I was brought up to regard America as brash. US slang was banned and my parents were so traditional I had to play football in a tweed jacket (all right, I made that bit up). But when punk rock erupted, I loved it. British youth culture started expressing itself in British accents, singing (shouting actually) about what mattered here, not over in the US. The Clash summed it up: “I’m so bored with the USA.”

Image credit: Etsy

US tech and the force for good

Now of course, I readily acknowledge the dominant role of the US in changing everyone’s lives (mostly for the better) through technology. But the language problem remains. As a content creator in B2B technology PR you quickly learn to de-Americanize (yes -ize as recommended by the Oxford English Dictionary) copy to make it relevant to the UK audience. It is not a trivial matter.

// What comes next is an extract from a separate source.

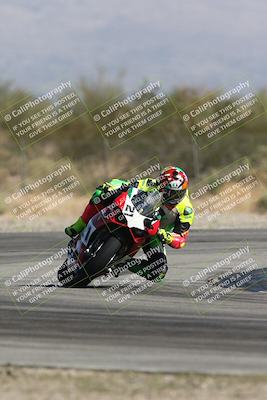 media/Oct-13-2025-Moto Forza (Mon) [[a66d839500]]/3-B Group/Session 3 Turn 2/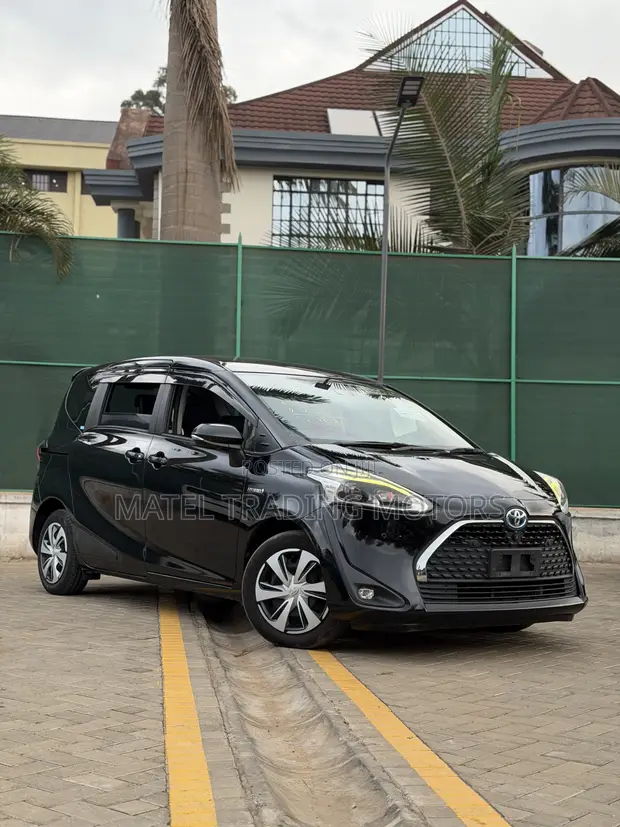Toyota Sienta 1.5 Hybrid FWD (6-seater) 2019 Black - 1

While Britons can understand most American English, any heavily North Atlantic text gives the impression of remoteness – that the company responsible for the copy doesn’t really understand the UK market or regards potential British customers as an afterthought.

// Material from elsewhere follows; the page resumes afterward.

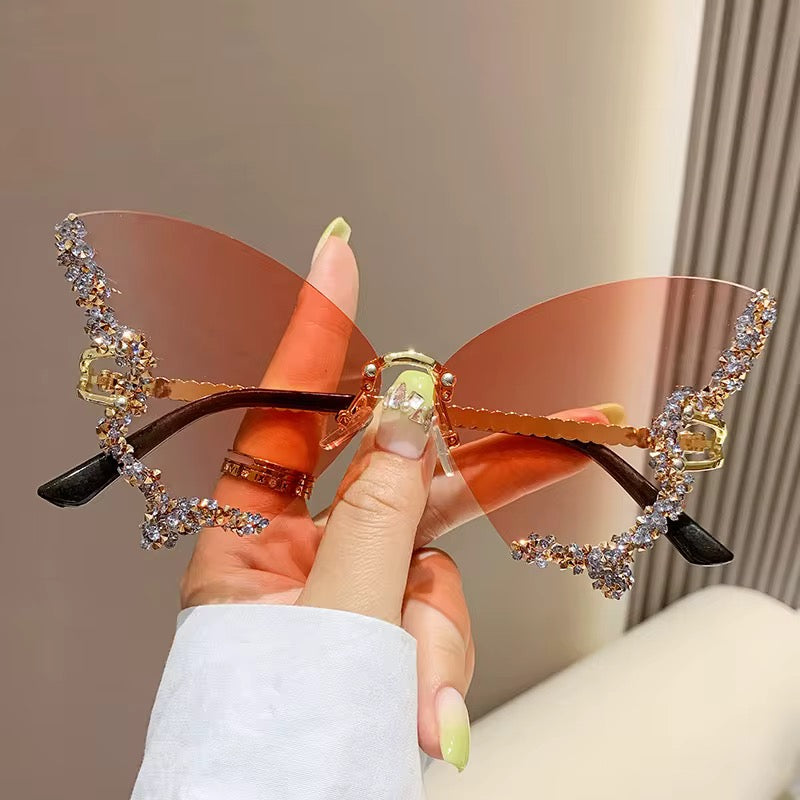 نظارات شمسيه نسائيه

Where do voice bots feature in language battles?

This is, however, not another gripe about tech jargon. What intrigues me is where developments in Natural Language Processing, virtual assistants and voice-bots will take us in the journey across world English.

According to a Zion Market Research report published earlier this year, the global intelligent virtual assistant market accounted for US$2.3 billion in 2018 and is expected to reach US$19.6 billion globally by 2025, at a CAGR of 35 per cent between 2019 and 2025.

The global sale of smart speakers in 2018 was about 98 million units and is expected to reach 164 million units this year. Growth will be further driven by the autonomous vehicles market, using artificial intelligence and smart voice assistance to make the experience more reliable. In Europe, Germany and UK are projected to be the prime revenue contributors.

What kind of English?

But what sort of language will these assistants speak and who will do the talking? While voice bots will of course be in the native language or languages outside the non-Anglophone sphere, what kind of English will be used within it?

The tech giants who deploy voice bots will doubtless employ native speakers. (A recent BBC radio programme focused on this topic, presented by Jon Briggs – the first voice employed by Apple to present of Siri in the UK) But we can expect to hear American grammar and idioms wherever we go outside the UK. Does it really matter when billions around the globe are completely steeped in US culture through streaming services from Netflix to YouTube? We all know language is a living entity and it is not the job of business preserve its purity. We just need to effective communicators.

Do we need to learn languages anymore?

Similarly, does anyone really need to learn a foreign language anymore? Google Assistant, Amazon Alexa (powered by Microsoft Translator) and Siri all emerged pretty well from complex translation tests this year. Google Assistant will soon be able to act as a real-life translator in 27 different languages as it obtains a new “interpreter mode” that can translate in real time, enabling conversations with someone who speaks a different language.

Is there any point in the hand-wringing that followed a BBC investigation which found declines of between 30 and 50 per cent since 2013 in the numbers taking language GCSEs in some areas of England? Perhaps nobody can stop these trends any more than they halt the tides, because they arise from collective appreciation of how the world is developing.

We still need to pay full attention to the nuances of language

In time, the AI family of technologies behind voice assistants and bots will be capable of picking up and using all the tics, nuances and idiosyncrasies of spoken language. But we are not there yet, and we are not even there yet with the use of NLP to produce written text. In fact, whatever the method, whether through automation or painstaking keyboard-bashing and hand-crafting, we should all concentrate on using the most effective, relevant, direct and respectful language possible when communicating – especially in tech PR.